11 Agustus 2014 Annas Maamun menerima laporan hasil telaahan SK 673 dari Cecep Iskandar, Kabid Planologi Dinas Kehutanan Propinsi Riau. Sehari sebelumnya, Annas perintahkan M. Yafiz (Kepala Bappeda Riau) dan Irwan Effendi (Kepala Dinas Kehutanan Riau) menelaah lampiran peta pada SK 673 dari Zulkifli Hasan. Yafiz dan Irwan melibatkan Cecep Iskandar, Supriyadi (Kasi Tata Ruang Bappeda Riau), Ardesianto (Kasi Perpetaan Dinas Kehutanan Riau) dan Arief Despansary (Kasi Penatagunaan Dinas Kehutanan Riau).
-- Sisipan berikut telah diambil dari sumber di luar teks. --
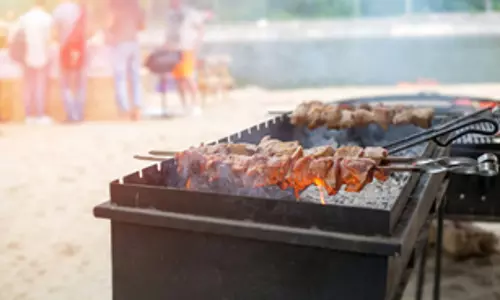 കുവൈത്ത് ബീച്ചിൽ ബാർബിക്യൂവിനായി   അഞ്ച് സ്ഥലങ്ങൾ കണ്ടെത്തിയതായി സ്പ്രിങ് കാംപ് കമ്മിറ്റി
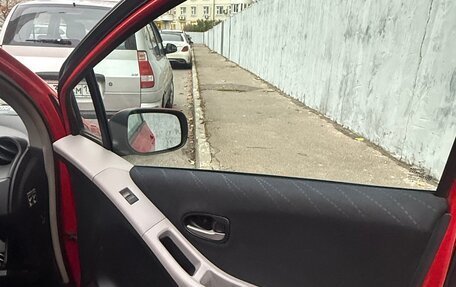 Toyota Yaris III рестайлинг, 2008 год, 525 000 рублей, 5 фотография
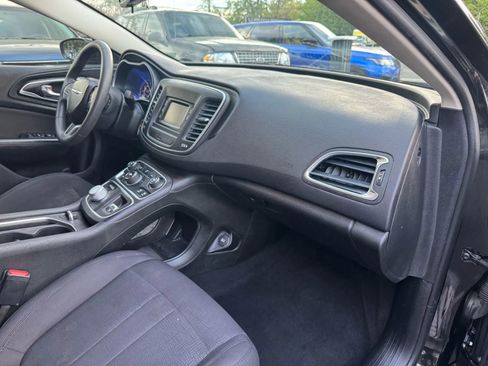 Used 2015 Chrysler 200 Limited image 21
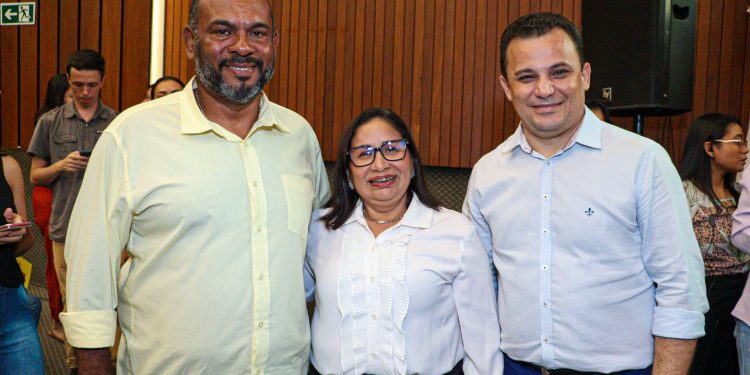 POLÍTICA: Juntos, Jorge Marú e Paula Azevedo Participam da Conferência Municipal do PSB-São Luís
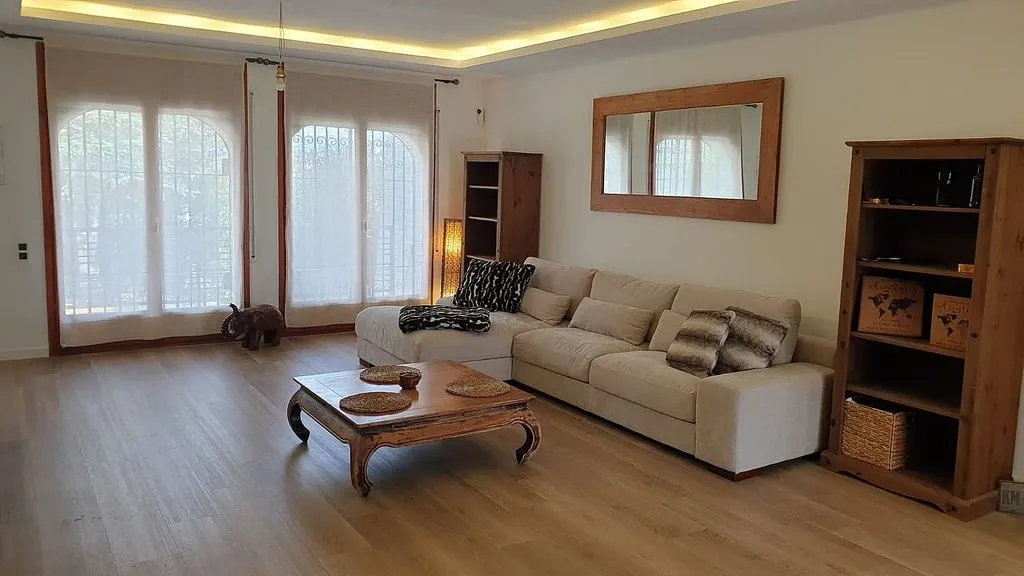 Séjour - Modernised House with Terrace in Casalot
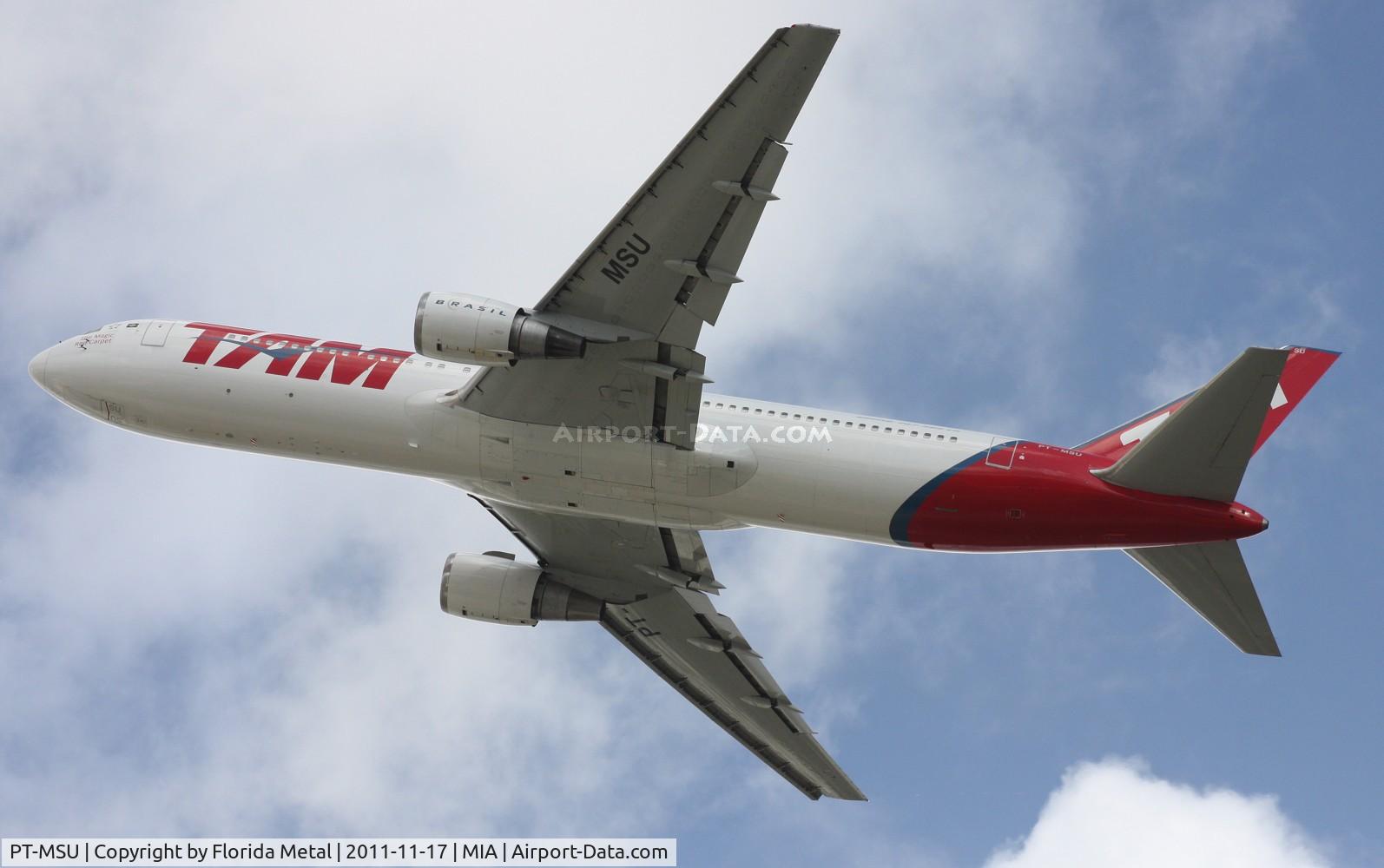 PT-MSU, 1994 Boeing 767-33A/ER C/N 27376, TAM 767-300 departing over El Dorado on Runway 27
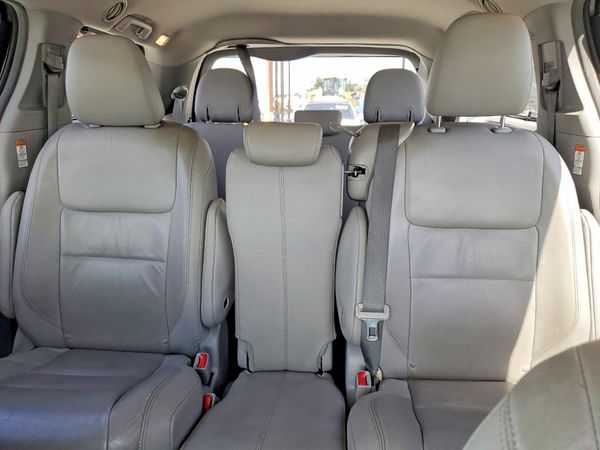 2015 TOYOTA SIENNA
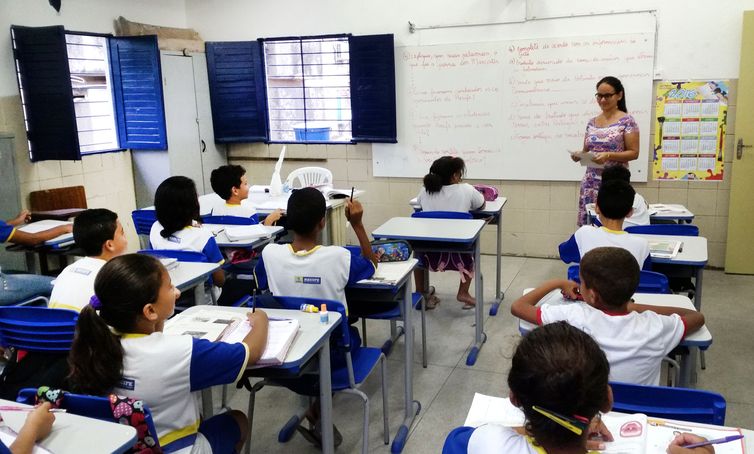 Recife  Alunos da Escola Municipal Abílio Gomes, na capital pernambucana, usam livros didáticos que podem ser proibidos pela Câmara de Vereadores (Sumaia Vilela / Agência Brasil)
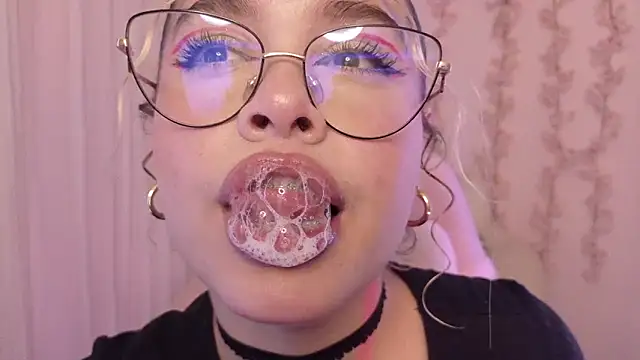 Haelycute online show from 29, 5, 2026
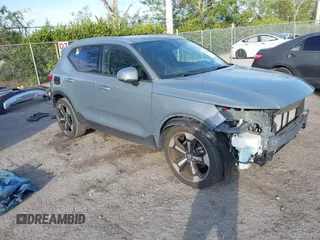 2021 Volvo XC40 Momentum z VIN YV4AC2HK6M2425002, wystawiony jako IAAI lot #41434936 z przebiegiem 43 734 mil mil oraz . Historia ofert i sprzedaży dostępna na DreamBid. Obrazek 1.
12 Agustus 2014 Annas Maamun sebagai Gubernur Riau tanda tangan surat revisi pertama SK 673.

14 Agustus 2014 Surat Gubernur Riau dibawa ke kantor Kementerian Kehutanan oleh Arsyadjuliandi Rahman (Wakil Gubernur Riau), M. Yafiz, Irwan Effendi, dan Cecep Iskandar. Mereka bertemu dengan Zulkifli Hasan. Zulkifli memberi tanda centang persetujuan terhadap sebagian kawasan yang diajukan dalam surat tersebut. Peruntukannya jalan tol, jalan propinsi, kawasan Candi Muara Takus dan perkebunan untuk rakyat miskin seluas 1.700 hektar di Kabupaten Rokan Hilir. Zulkifli secara lisan memberi tambahan perluasan kawasan hutan menjadi bukan hutan Propinsi Riau maksimal 30.000 hektar.

Agustus 2014 Annas Maamun ditemui Gulat Medali Emas Manurung di rumah dinas Gubernur Riau minta bantuan agar kebun sawit yang dikelola Gulat dapat dimasukkan ke dalam usulan revisi. Annas minta Gulat berkoordinasi dengan Cecep Iskandar. Gulat minta areal kebun sawit yang dikelolanya di Kuantan Singingi 1.188 hektar dan Bagan Sinembah Rokan Hilir 1.214 hektar dapat dimasukkan dalam usulan revisi SK 673. Lokasi tersebut di luar rekomendasi tim terpadu.

31 Agustus 2014 Edison Marudut Marsadauli Siahaan melalui Gulat Manurung mengirim pesan Whatsapp kepada Cecep Iskandar yang isinya berupa titik koordinat kebun sawit seluas 120 hektar yang berlokasi di Duri Kabupaten Bengkalis. Maksudnya agar koordinat kebun sawit tersebut juga dimasukkan ke dalam usulan revisi SK 673. Kebun itu milik Edison Marudut.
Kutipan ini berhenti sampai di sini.